A wind turbine placed on a field consisting of grass

About WindScanner.eu


The overall concept of the WindScanner.eu facility can be summarized as a coordinated and joint European development and dissemination of the already established Danish WindScanner.dk facility for wind energy research in a network between distributed WindScanner research and demonstration nodes embedded within leading European energy research organizations.
The participants are all partners of the European Energy Research Alliance (EERA) and the WindScanner vision is to develop a European Research Infrastructure that underpins the EERA Joint Programme on Wind Energy.

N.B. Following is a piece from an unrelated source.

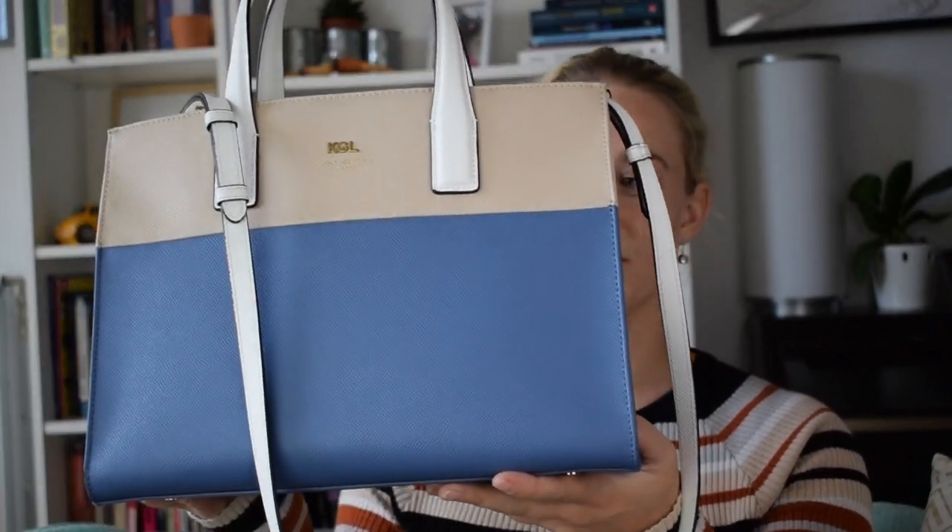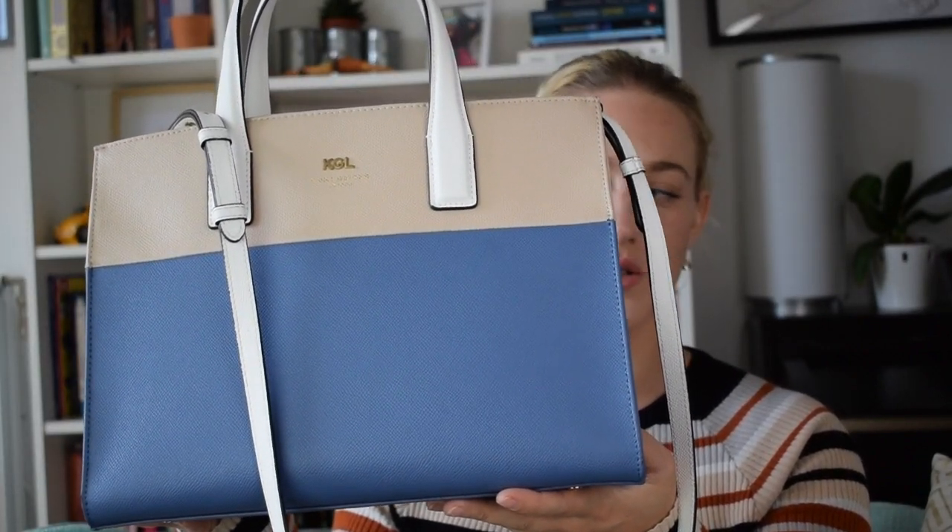So the bag that I currently take to work is a new addition to my handbag collection. I bought it back in July when I visited Edinburgh, and it was in the Kurt Geiger sale. It's the Kurt Geiger London tote bag and it's the cream blue one with white handles and a white shoulder strap. I really really love this bag. My work laptop doesn't fit in here, so I carry a separate laptop bag with me — that's why there's no laptop in here.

The European WindScanner facility uses a newly conceived remote sensing-based wind measurement system to provide detailed wind field maps of the wind and turbulence conditions around either a single wind turbine or across a farm covering several km2.
The WindScanner infrastructure builds upon recent advancements in remote sensing based wind-measuring technology to create measurement techniques, wind lidars, which enable the facility to scan and quantities wind flow and turbulence as wind fields in two and three dimensions from scans across various terrains. As well as being deployed onshore, the infrastructure can be operated offshore from stable and floating platforms or by doing measurement of near-coastal wind farms.

WindScanners generate very detailed and vast amounts of data, which are challenging for researchers and other users to interpret. Therefore, in the forthcoming years, the WindScanner.eu research infrastructure operation needs to be made easier accessible to users and the scanned 3D wind velocity data interpretation less complex. When the research infrastructure has been established it is expected to consist of 6-8 national distributed nodes in Europe in which each node possess and operate its own sets of mobile WindScanner Systems. The mobile distributed research infrastructure will be led from the WindScanner central hub (WCH) located in Denmark at DTU. The WindScanner infrastructure has its primary use within the fields of measurements around large wind turbines, on and off shore. However, it also serves other purposes such as atmospheric boundary layer research, air safety, wind loads on buildings and bridges, wind circulation in streets and the urban environment in general.